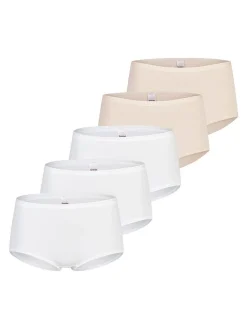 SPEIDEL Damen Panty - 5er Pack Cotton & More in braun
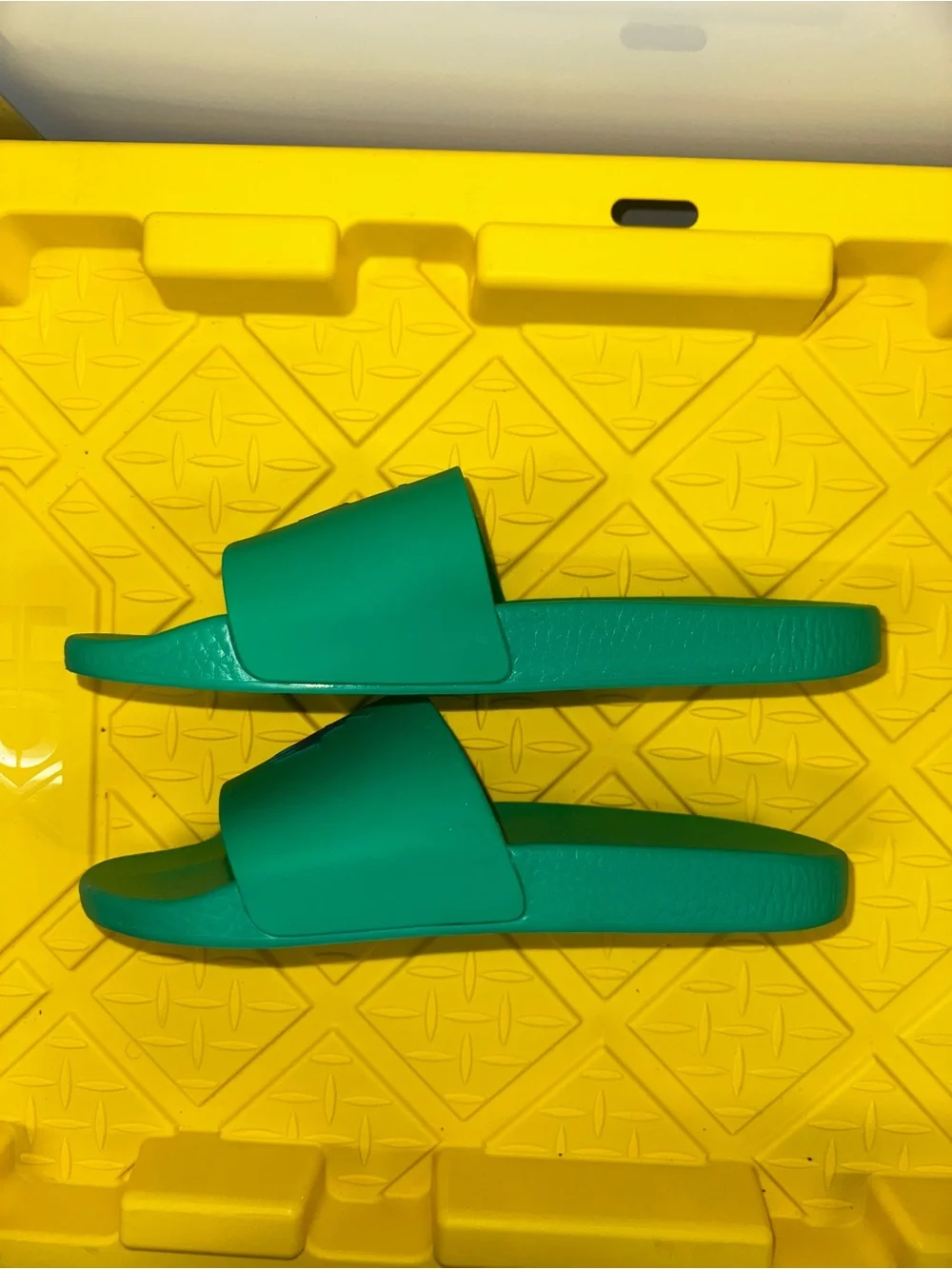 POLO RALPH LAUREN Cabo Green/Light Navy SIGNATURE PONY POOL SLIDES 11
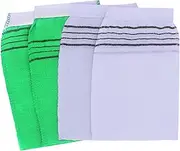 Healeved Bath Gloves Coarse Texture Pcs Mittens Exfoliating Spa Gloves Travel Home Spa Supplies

● ● ●

## WORK ITEM
In full and without changes, repeat the listing above, but not its pictures.

## WRITTEN ANSWER
 SPEIDEL Damen Panty - 5er Pack Cotton & More in braun
 POLO RALPH LAUREN Cabo Green/Light Navy SIGNATURE PONY POOL SLIDES 11
 Healeved Bath Gloves Coarse Texture Pcs Mittens Exfoliating Spa Gloves Travel Home Spa Supplies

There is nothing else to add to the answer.